▶ **What you should do**: Could you set down exactly the lines of the data below, starting at the one that holds "Women Organic Twill Shorts - Marine Blue" and ending at the one that holds "Actualités en droit de la consommation", both included, and only those?

▶ **Source information**:
+ + + + + + +

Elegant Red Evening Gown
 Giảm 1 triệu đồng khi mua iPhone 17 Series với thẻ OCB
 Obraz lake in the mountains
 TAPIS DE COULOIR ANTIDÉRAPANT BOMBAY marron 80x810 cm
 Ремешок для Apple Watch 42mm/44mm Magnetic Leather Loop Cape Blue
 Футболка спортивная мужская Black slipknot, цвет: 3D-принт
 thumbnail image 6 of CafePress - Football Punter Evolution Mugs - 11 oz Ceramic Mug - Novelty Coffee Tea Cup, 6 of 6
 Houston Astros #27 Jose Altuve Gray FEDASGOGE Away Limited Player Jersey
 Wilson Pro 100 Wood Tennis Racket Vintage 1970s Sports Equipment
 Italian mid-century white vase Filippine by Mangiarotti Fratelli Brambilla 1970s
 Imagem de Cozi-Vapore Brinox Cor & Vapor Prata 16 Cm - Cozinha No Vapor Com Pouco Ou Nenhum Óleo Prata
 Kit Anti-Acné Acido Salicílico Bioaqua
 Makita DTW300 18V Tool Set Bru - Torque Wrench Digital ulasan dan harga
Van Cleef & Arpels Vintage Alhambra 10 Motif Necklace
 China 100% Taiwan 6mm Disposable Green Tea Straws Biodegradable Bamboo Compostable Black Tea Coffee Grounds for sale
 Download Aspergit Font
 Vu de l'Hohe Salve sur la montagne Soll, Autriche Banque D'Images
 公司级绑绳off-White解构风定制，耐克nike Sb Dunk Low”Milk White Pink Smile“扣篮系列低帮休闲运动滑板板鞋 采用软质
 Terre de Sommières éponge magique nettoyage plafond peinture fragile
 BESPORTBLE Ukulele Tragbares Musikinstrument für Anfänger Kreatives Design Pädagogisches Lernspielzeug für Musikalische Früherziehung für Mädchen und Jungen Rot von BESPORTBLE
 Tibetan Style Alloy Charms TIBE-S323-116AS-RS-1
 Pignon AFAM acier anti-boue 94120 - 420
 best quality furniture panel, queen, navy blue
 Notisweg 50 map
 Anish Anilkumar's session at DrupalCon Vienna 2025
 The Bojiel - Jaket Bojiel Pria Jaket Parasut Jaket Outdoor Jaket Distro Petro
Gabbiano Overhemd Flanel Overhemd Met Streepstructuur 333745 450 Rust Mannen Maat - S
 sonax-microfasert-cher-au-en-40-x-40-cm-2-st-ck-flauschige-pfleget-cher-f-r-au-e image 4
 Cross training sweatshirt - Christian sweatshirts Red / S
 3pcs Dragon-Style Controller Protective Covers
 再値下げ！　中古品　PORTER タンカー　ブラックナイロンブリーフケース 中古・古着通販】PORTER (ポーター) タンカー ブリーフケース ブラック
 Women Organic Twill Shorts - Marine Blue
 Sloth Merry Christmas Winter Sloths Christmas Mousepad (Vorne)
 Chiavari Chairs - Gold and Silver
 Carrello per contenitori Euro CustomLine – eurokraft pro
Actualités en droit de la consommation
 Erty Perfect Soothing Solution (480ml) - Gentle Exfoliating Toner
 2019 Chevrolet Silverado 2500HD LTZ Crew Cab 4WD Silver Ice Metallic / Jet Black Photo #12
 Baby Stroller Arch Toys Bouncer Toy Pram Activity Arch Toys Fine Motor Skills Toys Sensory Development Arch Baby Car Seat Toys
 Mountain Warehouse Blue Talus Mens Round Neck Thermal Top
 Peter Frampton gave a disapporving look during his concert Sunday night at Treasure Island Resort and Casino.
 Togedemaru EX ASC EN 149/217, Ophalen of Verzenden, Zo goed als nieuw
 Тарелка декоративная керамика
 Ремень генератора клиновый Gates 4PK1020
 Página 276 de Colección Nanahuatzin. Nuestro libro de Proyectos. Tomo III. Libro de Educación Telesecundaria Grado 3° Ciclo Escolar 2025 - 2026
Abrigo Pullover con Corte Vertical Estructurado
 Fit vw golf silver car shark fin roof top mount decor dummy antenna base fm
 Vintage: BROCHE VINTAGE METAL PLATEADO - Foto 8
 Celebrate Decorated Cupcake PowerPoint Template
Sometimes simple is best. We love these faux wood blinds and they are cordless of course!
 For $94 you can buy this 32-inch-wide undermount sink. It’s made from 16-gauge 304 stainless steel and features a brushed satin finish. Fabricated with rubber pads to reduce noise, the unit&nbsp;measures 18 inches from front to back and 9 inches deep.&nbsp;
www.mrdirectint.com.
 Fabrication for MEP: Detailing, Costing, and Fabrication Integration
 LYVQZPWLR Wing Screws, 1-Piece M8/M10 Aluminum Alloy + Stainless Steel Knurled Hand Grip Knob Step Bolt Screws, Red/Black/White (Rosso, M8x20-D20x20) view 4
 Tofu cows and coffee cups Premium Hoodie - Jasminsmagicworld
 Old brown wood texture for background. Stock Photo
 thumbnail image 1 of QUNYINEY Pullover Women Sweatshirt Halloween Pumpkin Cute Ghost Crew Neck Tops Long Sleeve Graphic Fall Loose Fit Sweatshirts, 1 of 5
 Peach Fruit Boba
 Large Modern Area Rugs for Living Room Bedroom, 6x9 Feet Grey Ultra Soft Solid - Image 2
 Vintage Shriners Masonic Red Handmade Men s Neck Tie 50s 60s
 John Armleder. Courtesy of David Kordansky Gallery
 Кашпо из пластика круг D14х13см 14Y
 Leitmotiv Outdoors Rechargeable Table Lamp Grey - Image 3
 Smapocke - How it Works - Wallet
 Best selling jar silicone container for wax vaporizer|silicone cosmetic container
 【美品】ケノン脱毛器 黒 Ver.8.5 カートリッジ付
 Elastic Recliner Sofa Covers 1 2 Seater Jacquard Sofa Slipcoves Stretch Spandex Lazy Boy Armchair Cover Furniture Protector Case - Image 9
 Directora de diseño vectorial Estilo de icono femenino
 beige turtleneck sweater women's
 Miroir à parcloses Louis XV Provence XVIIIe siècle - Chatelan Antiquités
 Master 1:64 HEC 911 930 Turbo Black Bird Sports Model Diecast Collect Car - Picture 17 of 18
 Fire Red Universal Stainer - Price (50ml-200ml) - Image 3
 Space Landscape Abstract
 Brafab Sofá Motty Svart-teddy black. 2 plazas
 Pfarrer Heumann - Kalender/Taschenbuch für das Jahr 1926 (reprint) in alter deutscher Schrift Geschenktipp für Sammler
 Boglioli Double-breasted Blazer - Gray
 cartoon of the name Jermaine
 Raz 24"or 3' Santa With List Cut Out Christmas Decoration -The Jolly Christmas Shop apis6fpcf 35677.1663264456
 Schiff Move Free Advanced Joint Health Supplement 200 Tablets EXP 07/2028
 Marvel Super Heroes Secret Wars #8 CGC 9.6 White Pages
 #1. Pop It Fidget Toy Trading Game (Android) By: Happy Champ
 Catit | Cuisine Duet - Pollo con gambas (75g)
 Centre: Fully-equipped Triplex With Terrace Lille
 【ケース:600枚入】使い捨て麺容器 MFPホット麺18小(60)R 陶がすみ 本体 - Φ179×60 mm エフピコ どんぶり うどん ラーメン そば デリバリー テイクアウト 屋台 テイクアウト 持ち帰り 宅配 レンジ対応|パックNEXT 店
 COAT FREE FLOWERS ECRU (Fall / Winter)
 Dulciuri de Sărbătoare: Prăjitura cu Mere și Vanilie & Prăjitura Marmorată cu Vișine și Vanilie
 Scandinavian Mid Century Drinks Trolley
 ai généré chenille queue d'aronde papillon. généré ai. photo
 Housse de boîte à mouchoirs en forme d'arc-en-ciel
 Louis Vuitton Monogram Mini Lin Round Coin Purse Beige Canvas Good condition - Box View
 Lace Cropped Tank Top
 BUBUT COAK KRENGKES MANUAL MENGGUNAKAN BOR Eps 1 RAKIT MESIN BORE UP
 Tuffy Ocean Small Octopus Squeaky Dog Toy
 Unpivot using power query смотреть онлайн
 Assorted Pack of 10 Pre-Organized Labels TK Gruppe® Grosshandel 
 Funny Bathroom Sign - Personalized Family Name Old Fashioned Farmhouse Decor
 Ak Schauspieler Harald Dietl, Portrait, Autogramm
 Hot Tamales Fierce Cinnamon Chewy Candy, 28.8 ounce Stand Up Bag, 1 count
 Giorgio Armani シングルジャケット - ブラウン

+ + + + + + +

▶ **Written reply**:
 Women Organic Twill Shorts - Marine Blue
 Sloth Merry Christmas Winter Sloths Christmas Mousepad (Vorne)
 Chiavari Chairs - Gold and Silver
 Carrello per contenitori Euro CustomLine – eurokraft pro
Actualités en droit de la consommation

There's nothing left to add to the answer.